Costs of the new AVX512 manual.

I play with the new instruction sets on the AVX512, and I try to understand how they work and how they can be used.

What I'm trying to do is alternate certain data selected by the mask. My little test loads x * 32 bytes of aligned data from memory into two vector registers and compresses them using a dynamic mask (Fig. 1). The resulting vector registers are scattered in memory, so that the two vector registers alternate (Fig. 2).

Figure 1: Compression of two registers of a data vector using the same dynamically created mask.

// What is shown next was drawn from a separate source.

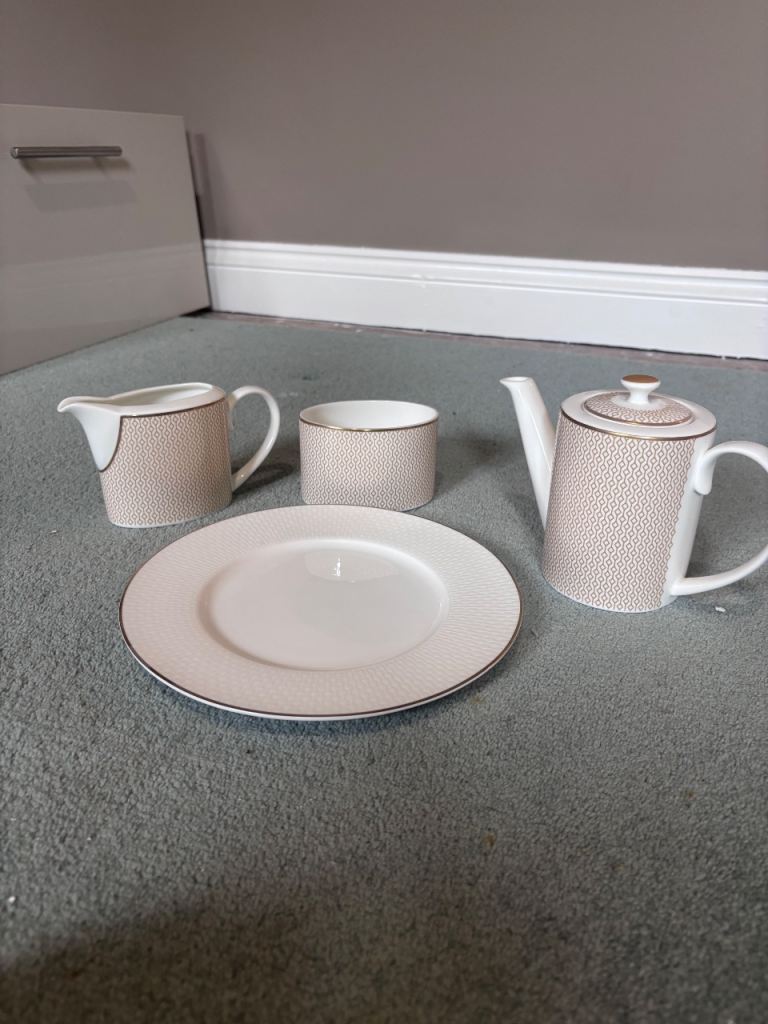 William Edwards Diamond Tea Set – As Good As New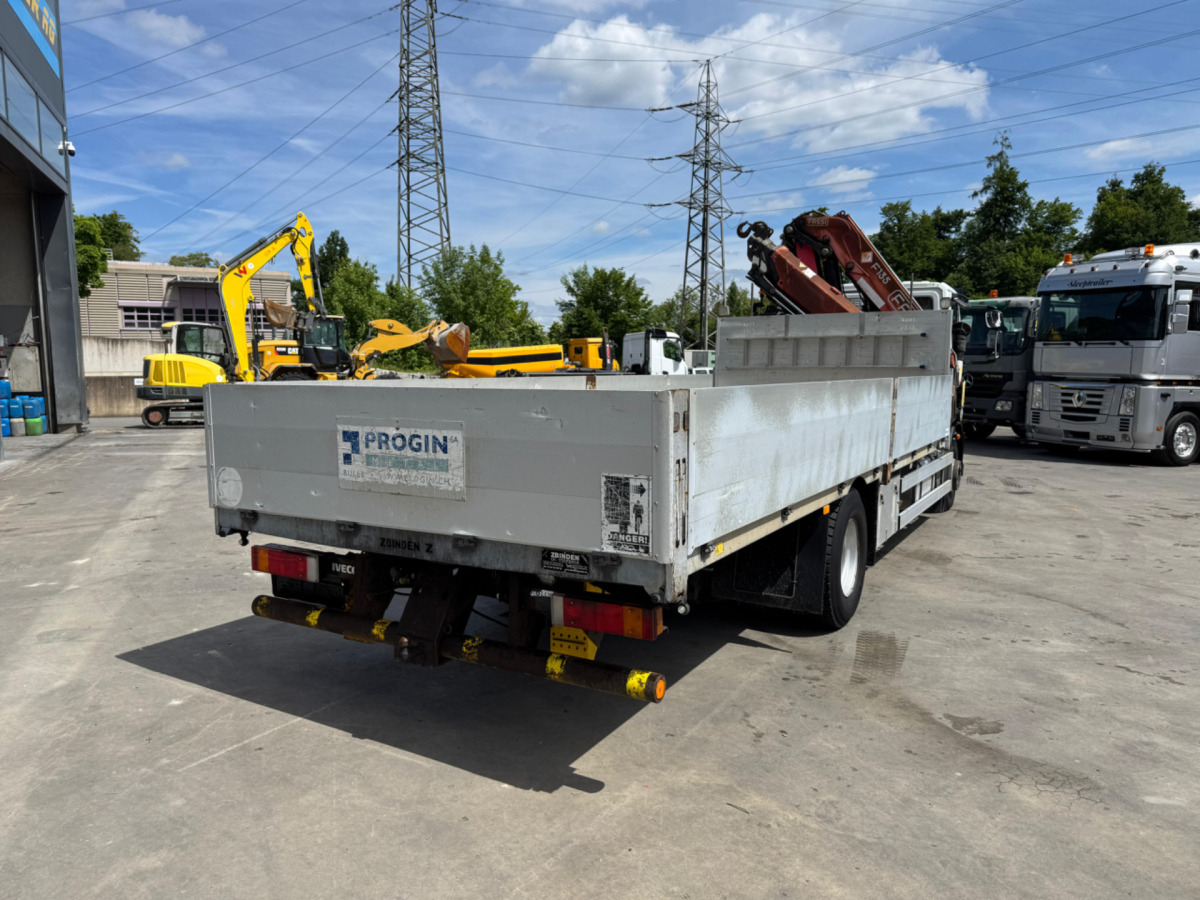 IVECO Eurocargo 160E28 Fassi 135-4 - Kamion sa dizalicom: slika 5 IVECO Eurocargo 160E28 Fassi 135-4 - Kamion sa dizalicom: slika 5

Figure 2: Scatter storage for interleaving compressed data.

My code is as follows:

void zipThem( uint32_t const * const data, __mmask16 const maskCompress, __m512i const vindex, uint32_t * const result ) { /* Initialize a vector register containing zeroes to get the store mask */ __m512i zeroVec = _mm512_setzero_epi32(); /* Load data */ __m512i dataVec_1 = _mm512_conflict_epi32( data ); __m512i dataVec_2 = _mm512_conflict_epi32( data + 16 ); /* Compress the data */ __m512i compVec_1 = _mm512_maskz_compress_epi32( maskCompress, dataVec_1 ); __m512i compVec_2 = _mm512_maskz_compress_epi32( maskCompress, dataVec_2 ); /* Get the store mask by compare the compressed register with the zero-register (4 means !=) */ __mmask16 maskStore = _mm512_cmp_epi32_mask( zeroVec, compVec_1, 4 ); /* Interleave the selected data */ _mm512_mask_i32scatter_epi32( result, maskStore, vindex, compVec_1, 1 ); _mm512_mask_i32scatter_epi32( result + 1, maskStore, vindex, compVec_2, 1 ); } 

I compiled everything with

-O3 -march = knl -lmemkind -mavx512f -mavx512pf

I call the method for 100'000'000 elements. To get an overview of the behavior of the dispersion store, I repeated this measurement with different values ​​for maskCompress. I was expecting some correlation between the time needed to execute and the number of bits set in maskCompress. But I noticed that the tests took about the same time to execute. Here is the result of a performance test: Figure 3: Measurement results. The x axis represents the number of elements written, depending on the mask. The y axis shows performance.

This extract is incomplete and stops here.